## WORK TO BE COMPLETED:
Reproduce word for word the lines between the one containing "Modern Wave Base" and the end of the entries below, both inclusive; leave out pictures.

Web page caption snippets
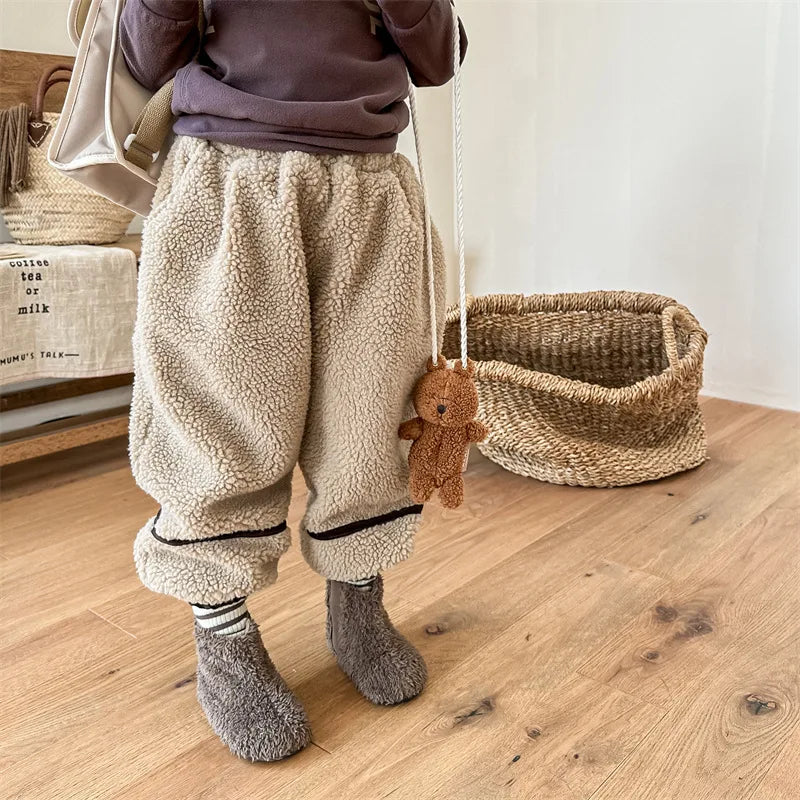 -キッズパンツ ボアフリースロングパンツ ルーズパンツ グレー カーキ 2カラー - mamahalo shop - ロングパンツ・スウェットパンツ -  べビー服 - 子供服 - 男の子 - 女の子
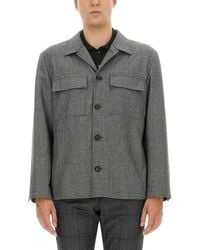 Lardini - Wool Shirt With Classic Collar - Lyst
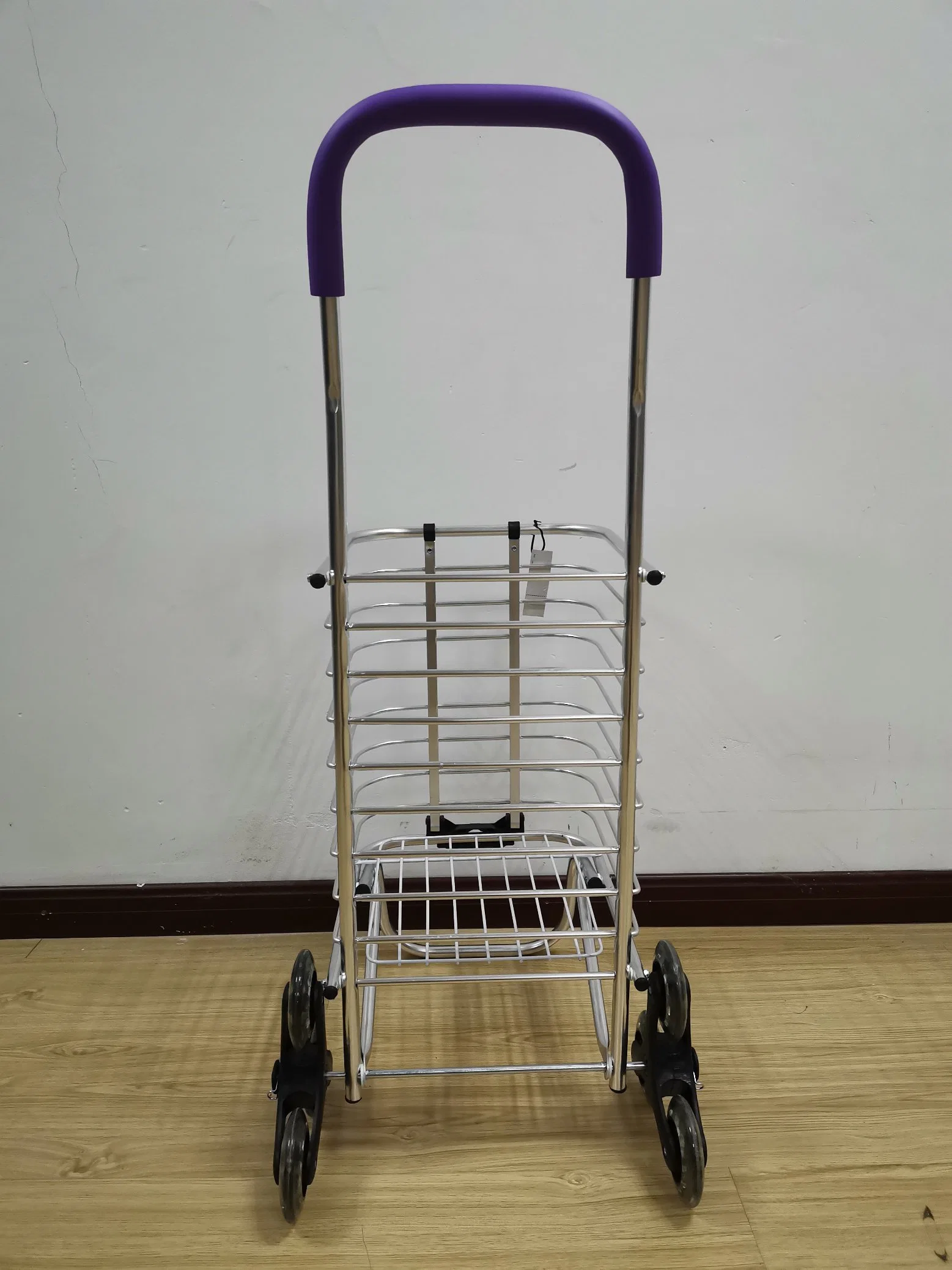 China Lightweight Storage Box Folding Shopping Metal Trolley Carts with Stair Climbing Wheels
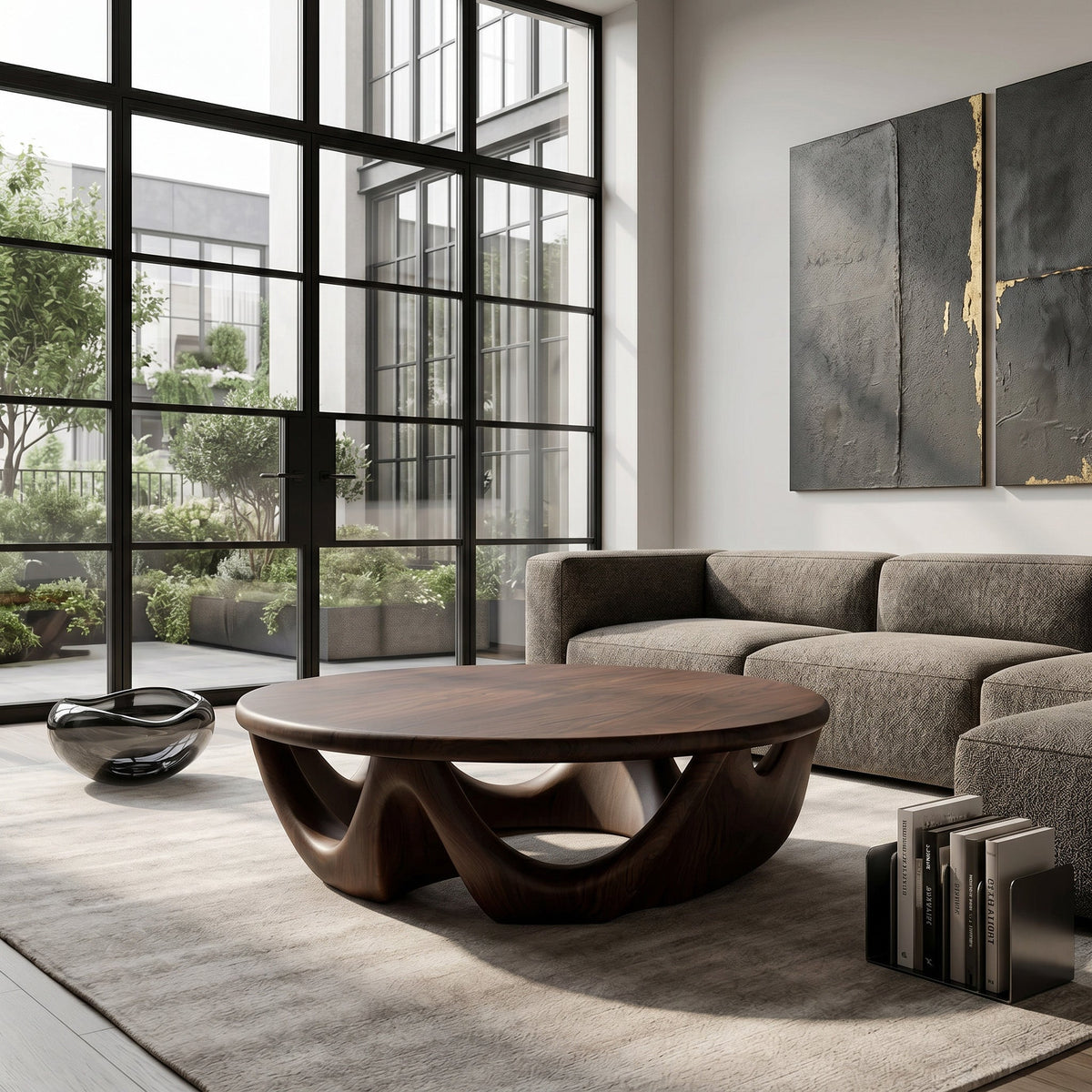 Modern Wave Base Coffee Table For Living Room Decor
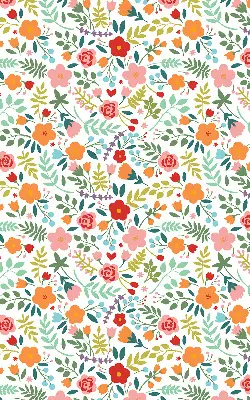 Fabric roller blind painted flowers design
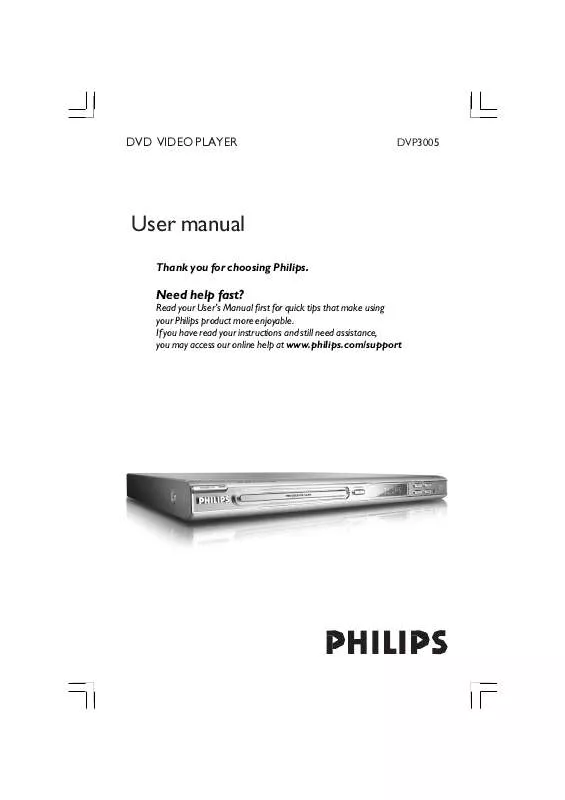 Mode d'emploi PHILIPS DVP3005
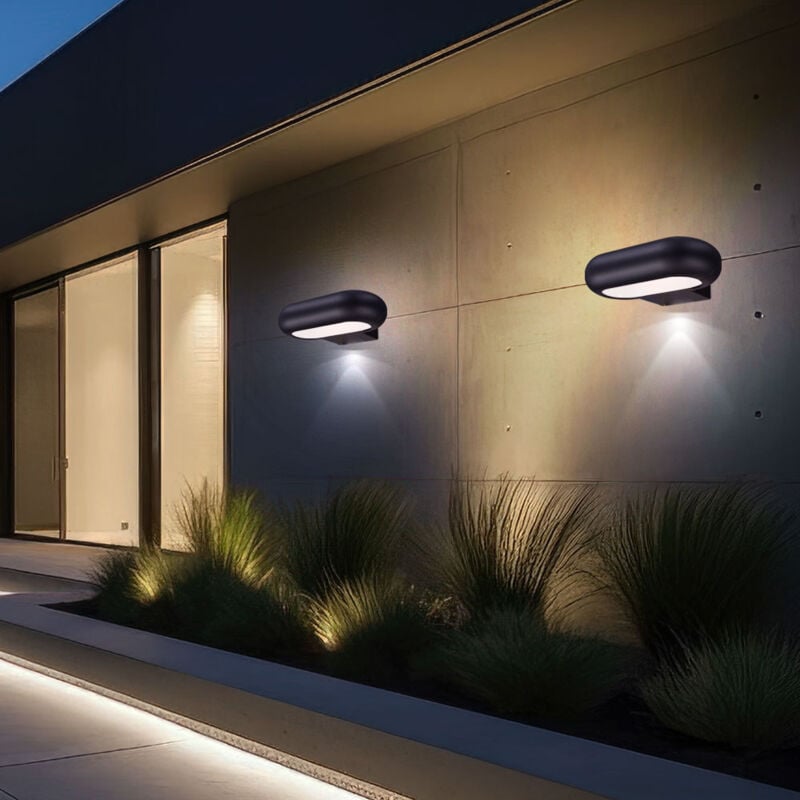 foto del prodotto globo lampada da parete, lampada da esterno, lampada da facciata, lampada da porta d ingresso a led, illuminazione verso il basso, alluminio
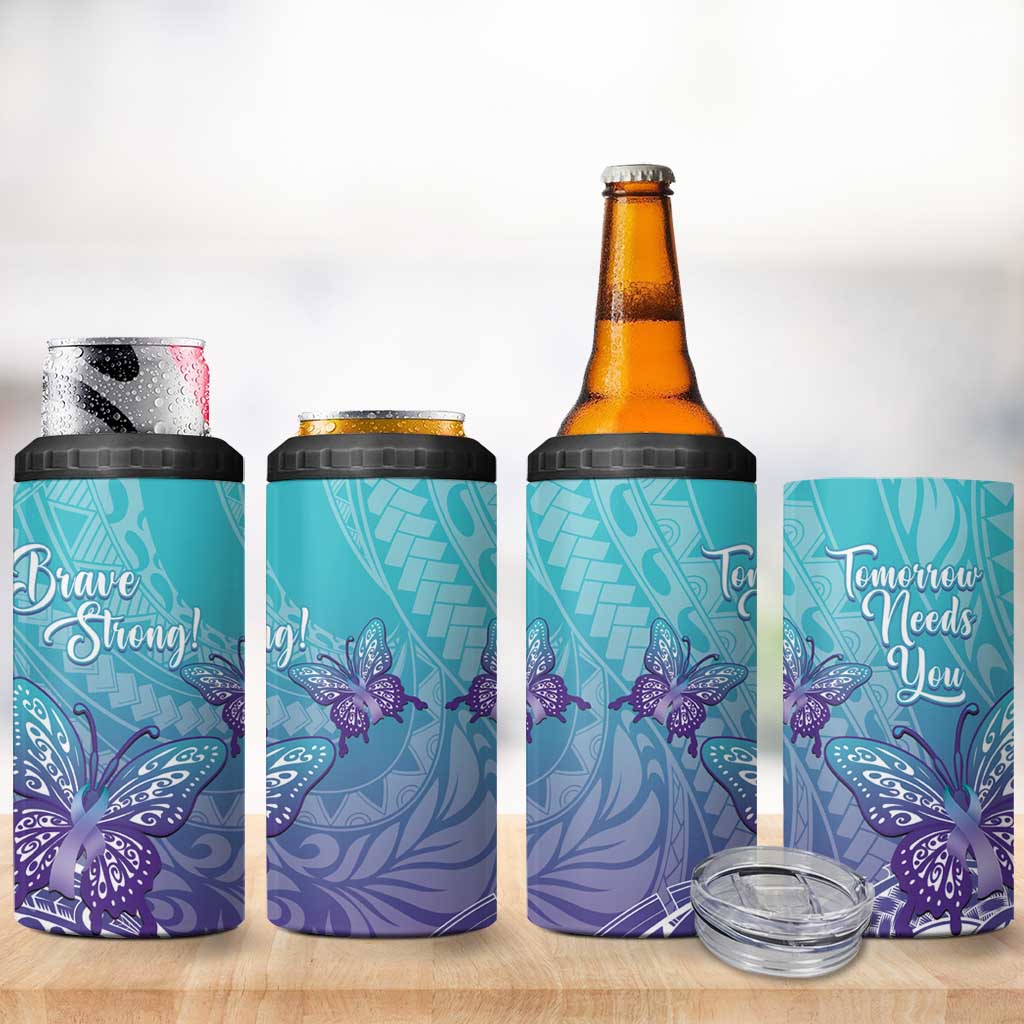 Polynesia Suicide Prevention Month 4 in 1 Can Cooler Tumbler Butterfly Purple And Teal Ribbon Tomorrow Needs You LT14 - Polynesian Pride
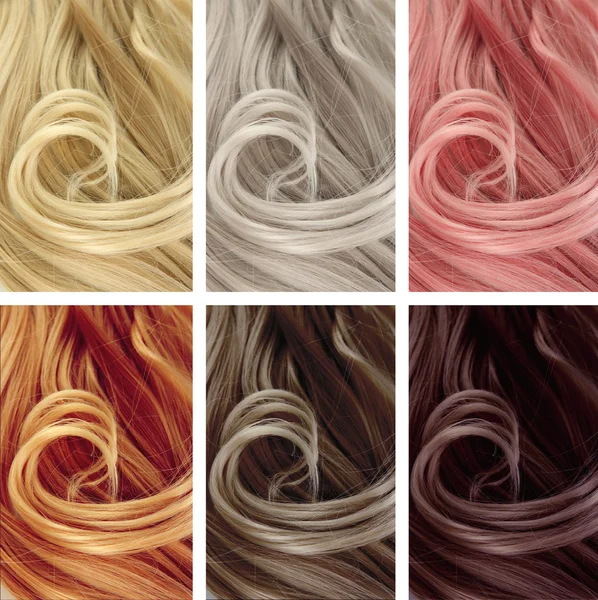 Amostras de cor de cabelo — Fotografia de Stock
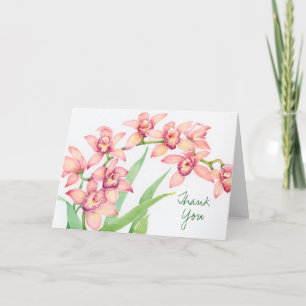 Jouw tekst toevoegen Waterverf Roze bloemen Bedankkaart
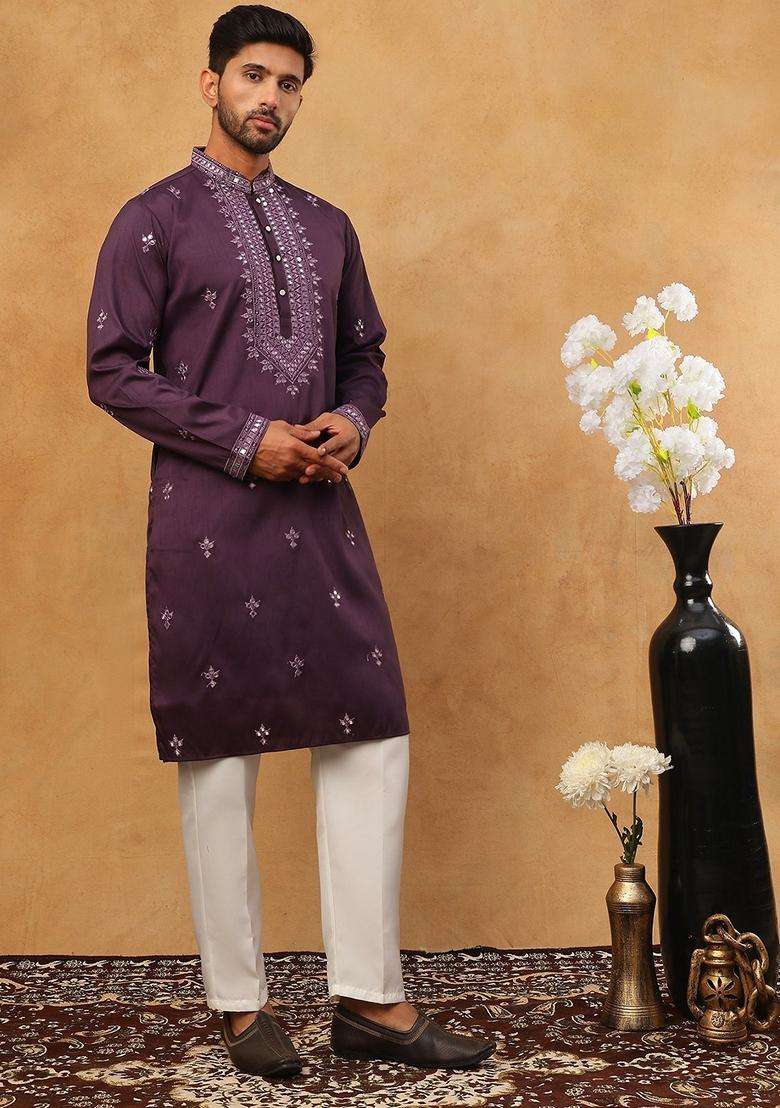 Purple Floral Print Silk Blend Kurta Pyjama Set For Men - Indya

## EXERCISE RESPONSE:
 Modern Wave Base Coffee Table For Living Room Decor
 Fabric roller blind painted flowers design
 Mode d'emploi PHILIPS DVP3005
 foto del prodotto globo lampada da parete, lampada da esterno, lampada da facciata, lampada da porta d ingresso a led, illuminazione verso il basso, alluminio
 Polynesia Suicide Prevention Month 4 in 1 Can Cooler Tumbler Butterfly Purple And Teal Ribbon Tomorrow Needs You LT14 - Polynesian Pride
 Amostras de cor de cabelo — Fotografia de Stock
 Jouw tekst toevoegen Waterverf Roze bloemen Bedankkaart
 Purple Floral Print Silk Blend Kurta Pyjama Set For Men - Indya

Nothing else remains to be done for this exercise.